The Professor is supposed to bomb the crawl space to kill the bugs before I enter in, but that has not happened yet. The cars need to get washed and we need the water turned on. These robins keep perching on the rear view mirrors and pooping on the side of the car. It is pretty gross looking---long streams of white and black poop. The man keeps saying that if he had a gun he would "shoot that thing."
But other than that not too much is going on. Our mailbox that got annihilated a couple years ago has still never gotten fixed by the culprits, our grill has taken to catching on fire (apparently there was a recall we had no clue about) and only works half way, and the Prof. and I killed another pot of herbs I tried to buy again. We set them by the window and watered them but they still biffed it. When I found that there was still a little life yet in each plant, I put it outside once it got warm and what do you know, the next day, the whole pot was upturned.
"Guess I'm not supposed to have herbs," I mumbled to the Prof.
I made an amazing Oreo pie yesterday. I worked hard on it. I imagined exactly what I wanted. An oreo crust, a chocolate ganache layer, Oreo infused ice cream, another thin layer of ganache, and then more ice cream.
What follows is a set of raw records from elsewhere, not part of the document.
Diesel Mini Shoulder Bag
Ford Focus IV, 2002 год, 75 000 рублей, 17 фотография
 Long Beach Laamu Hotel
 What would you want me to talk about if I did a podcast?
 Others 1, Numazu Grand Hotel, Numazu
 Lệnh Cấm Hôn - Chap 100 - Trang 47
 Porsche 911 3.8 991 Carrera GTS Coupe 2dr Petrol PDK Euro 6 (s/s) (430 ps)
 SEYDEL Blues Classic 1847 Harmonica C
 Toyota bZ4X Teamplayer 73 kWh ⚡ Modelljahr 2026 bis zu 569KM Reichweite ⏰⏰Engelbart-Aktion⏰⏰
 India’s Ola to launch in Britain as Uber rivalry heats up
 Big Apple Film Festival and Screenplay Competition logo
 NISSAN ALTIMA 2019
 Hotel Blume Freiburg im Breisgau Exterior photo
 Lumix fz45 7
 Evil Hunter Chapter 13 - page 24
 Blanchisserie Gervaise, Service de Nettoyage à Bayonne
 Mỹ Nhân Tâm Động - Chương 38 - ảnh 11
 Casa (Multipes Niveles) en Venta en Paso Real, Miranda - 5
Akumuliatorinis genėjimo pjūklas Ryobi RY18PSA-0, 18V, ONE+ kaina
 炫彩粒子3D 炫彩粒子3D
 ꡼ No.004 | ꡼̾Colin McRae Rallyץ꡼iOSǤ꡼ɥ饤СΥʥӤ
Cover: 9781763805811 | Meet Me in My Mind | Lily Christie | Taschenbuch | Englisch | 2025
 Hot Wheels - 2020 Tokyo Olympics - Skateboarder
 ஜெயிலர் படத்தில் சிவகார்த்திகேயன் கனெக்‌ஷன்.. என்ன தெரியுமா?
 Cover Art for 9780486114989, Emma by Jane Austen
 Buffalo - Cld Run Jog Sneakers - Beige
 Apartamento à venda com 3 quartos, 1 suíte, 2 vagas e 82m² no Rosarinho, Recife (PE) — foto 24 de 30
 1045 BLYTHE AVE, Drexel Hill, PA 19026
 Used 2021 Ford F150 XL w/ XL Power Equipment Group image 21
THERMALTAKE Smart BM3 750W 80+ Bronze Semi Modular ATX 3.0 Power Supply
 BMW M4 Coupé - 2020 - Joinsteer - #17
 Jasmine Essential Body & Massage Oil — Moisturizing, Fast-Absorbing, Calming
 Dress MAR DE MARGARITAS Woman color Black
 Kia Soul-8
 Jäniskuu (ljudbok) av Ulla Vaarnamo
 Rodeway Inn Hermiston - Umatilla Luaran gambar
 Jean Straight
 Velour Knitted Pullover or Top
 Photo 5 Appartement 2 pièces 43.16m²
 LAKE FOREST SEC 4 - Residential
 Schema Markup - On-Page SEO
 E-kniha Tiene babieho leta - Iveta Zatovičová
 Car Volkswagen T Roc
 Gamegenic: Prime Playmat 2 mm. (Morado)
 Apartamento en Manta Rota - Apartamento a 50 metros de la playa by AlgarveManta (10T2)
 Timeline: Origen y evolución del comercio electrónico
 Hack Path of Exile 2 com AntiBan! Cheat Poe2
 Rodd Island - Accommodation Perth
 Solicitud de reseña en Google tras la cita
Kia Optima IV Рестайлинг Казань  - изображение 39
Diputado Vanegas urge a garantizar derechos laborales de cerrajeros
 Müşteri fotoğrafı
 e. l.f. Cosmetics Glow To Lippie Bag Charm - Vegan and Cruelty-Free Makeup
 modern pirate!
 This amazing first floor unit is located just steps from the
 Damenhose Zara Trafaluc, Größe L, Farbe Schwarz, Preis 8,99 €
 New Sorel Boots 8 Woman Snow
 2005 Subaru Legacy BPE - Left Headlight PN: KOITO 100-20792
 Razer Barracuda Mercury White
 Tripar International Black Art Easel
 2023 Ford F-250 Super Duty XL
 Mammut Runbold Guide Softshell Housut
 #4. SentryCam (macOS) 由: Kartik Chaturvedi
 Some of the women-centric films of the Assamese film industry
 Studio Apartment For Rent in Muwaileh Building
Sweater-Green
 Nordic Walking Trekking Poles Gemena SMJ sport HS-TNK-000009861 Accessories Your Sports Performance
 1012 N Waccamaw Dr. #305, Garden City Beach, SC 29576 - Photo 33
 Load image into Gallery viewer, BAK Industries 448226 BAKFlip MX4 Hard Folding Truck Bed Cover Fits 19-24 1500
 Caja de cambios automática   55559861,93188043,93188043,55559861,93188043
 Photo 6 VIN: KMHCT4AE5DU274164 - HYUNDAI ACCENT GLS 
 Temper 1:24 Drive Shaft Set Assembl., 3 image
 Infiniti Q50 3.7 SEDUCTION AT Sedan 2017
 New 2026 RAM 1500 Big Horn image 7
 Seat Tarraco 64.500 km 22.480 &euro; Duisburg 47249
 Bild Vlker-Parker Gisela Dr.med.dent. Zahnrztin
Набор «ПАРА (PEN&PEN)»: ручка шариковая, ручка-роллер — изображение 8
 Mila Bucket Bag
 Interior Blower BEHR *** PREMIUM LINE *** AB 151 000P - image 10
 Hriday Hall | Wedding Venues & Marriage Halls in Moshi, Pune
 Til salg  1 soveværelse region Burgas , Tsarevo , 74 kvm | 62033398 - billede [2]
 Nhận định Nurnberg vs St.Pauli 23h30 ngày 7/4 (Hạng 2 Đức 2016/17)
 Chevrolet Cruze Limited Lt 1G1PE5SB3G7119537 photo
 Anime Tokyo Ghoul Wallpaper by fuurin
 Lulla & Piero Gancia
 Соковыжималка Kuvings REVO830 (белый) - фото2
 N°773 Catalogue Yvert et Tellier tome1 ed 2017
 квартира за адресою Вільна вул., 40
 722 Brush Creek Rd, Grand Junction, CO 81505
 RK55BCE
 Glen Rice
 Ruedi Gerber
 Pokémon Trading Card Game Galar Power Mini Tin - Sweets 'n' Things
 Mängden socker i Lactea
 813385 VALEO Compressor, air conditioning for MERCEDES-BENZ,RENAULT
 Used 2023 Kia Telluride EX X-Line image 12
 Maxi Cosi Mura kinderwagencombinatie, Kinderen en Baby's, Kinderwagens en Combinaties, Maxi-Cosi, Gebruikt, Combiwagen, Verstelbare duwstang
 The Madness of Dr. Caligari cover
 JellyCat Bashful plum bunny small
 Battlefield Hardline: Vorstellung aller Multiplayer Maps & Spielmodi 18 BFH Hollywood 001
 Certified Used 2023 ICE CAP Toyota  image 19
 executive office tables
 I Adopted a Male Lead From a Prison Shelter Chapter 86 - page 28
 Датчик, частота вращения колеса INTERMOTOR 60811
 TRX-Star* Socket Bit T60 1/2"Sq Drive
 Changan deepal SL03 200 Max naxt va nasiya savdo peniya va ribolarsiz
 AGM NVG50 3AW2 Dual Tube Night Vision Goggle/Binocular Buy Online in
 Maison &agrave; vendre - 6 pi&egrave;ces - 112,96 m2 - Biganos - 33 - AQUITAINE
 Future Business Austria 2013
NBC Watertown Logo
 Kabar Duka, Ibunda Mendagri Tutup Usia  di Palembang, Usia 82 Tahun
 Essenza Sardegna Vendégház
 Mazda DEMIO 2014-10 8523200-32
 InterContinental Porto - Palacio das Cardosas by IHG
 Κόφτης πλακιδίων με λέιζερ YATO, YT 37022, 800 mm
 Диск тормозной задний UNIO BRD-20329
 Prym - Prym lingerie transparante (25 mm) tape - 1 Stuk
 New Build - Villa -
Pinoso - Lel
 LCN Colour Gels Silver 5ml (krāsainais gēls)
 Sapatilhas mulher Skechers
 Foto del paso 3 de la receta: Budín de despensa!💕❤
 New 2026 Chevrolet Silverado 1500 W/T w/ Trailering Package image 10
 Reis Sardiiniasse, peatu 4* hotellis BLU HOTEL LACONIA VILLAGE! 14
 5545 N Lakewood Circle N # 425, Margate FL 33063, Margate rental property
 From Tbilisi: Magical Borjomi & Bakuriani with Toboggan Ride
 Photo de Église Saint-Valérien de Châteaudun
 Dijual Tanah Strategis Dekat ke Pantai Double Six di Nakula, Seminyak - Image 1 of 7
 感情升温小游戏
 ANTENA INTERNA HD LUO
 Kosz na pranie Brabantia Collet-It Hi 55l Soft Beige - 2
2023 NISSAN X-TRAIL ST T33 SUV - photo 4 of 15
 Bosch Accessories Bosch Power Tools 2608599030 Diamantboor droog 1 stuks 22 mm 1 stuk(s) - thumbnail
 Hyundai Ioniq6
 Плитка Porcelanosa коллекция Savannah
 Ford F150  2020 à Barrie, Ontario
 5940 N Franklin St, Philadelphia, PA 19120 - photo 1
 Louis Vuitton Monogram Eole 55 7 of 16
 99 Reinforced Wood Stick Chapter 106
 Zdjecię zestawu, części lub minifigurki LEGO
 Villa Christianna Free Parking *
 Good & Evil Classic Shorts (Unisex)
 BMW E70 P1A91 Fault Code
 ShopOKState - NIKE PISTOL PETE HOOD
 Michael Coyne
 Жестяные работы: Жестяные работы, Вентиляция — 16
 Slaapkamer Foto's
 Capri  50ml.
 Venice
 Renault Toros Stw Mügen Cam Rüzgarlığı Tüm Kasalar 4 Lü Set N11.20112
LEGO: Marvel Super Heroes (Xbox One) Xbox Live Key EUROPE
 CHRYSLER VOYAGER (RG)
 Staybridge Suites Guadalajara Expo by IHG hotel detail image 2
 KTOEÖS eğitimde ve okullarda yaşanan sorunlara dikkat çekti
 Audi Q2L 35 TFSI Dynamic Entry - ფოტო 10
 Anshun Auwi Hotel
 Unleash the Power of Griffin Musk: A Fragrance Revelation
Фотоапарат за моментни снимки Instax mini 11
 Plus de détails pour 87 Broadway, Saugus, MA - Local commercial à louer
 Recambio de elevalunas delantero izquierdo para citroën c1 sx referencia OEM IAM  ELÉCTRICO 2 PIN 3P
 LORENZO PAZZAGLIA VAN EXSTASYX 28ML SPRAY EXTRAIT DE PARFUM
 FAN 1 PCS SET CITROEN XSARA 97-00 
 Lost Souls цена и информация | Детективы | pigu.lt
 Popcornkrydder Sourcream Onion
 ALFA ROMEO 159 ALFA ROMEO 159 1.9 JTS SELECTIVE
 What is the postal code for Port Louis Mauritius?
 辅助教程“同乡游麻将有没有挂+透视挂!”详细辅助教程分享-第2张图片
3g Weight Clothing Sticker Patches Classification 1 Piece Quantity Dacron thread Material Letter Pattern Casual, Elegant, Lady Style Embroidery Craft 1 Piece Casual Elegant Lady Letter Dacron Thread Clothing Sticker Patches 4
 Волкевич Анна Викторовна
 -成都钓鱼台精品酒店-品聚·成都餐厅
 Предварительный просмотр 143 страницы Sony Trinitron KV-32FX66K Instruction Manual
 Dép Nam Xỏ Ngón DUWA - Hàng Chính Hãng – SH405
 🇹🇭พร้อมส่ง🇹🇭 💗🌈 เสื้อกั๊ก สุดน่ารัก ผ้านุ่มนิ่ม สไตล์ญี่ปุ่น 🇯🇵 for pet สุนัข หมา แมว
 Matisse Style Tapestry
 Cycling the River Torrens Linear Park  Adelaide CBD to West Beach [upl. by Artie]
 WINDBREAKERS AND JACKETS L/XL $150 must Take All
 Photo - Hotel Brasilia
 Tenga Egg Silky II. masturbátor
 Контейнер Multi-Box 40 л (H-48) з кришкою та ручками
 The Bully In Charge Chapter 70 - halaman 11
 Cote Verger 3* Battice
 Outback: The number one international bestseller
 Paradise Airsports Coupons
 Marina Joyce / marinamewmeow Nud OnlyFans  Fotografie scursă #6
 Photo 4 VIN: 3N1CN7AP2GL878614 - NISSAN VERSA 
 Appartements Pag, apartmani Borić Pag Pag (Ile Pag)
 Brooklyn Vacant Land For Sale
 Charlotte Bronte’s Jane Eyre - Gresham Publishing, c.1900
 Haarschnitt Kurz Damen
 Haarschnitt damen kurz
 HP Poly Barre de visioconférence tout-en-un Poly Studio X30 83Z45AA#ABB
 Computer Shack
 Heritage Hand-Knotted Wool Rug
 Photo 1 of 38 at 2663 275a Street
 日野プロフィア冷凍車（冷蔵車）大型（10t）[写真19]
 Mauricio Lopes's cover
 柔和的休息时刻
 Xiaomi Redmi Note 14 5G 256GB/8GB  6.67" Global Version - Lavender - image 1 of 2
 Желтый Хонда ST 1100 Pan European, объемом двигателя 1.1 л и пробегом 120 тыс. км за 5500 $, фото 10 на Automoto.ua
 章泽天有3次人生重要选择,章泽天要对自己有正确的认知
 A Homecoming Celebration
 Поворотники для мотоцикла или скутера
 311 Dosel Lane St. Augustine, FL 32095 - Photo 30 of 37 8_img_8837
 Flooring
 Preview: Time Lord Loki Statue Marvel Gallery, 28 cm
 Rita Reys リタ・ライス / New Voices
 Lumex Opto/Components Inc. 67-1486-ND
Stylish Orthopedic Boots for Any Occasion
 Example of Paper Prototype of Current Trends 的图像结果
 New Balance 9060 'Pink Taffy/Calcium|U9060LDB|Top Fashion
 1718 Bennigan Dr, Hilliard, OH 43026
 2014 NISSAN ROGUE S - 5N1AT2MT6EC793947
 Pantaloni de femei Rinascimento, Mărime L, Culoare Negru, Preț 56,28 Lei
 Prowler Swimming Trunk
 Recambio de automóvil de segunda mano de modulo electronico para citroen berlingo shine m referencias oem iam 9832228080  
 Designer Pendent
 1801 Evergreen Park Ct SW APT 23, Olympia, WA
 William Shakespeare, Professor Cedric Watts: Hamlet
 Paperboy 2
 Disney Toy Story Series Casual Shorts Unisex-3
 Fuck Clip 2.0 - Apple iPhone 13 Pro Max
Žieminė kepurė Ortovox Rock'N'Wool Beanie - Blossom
I drizzled it with chocolate. As we ate it with our guests I heartily complimented myself after I took a bite. "This is awesome!" I yelped. I guess it is not proper to compliment your own pie, but it was the first time I had ever tried it. And I thought it up in Costco. The Prof. looked at me in surprise (I suppose he could not imagine his own mother hollering her own praise) and kept eating. Everyone else ignored me and kept eating---and no one talked about how incredibly wicked it was because I had already crowned myself queen.
But Eraser Eater, who was with me when I was audibly imagining my pie at Costco, said as he was chomping on a piece, "Gee Mom, is this the pie you were envisioning at Costco? It is AWESOME! Thanks! You're the best! You were right, it really WOULD be good!"
I give up on adults who insist on propriety.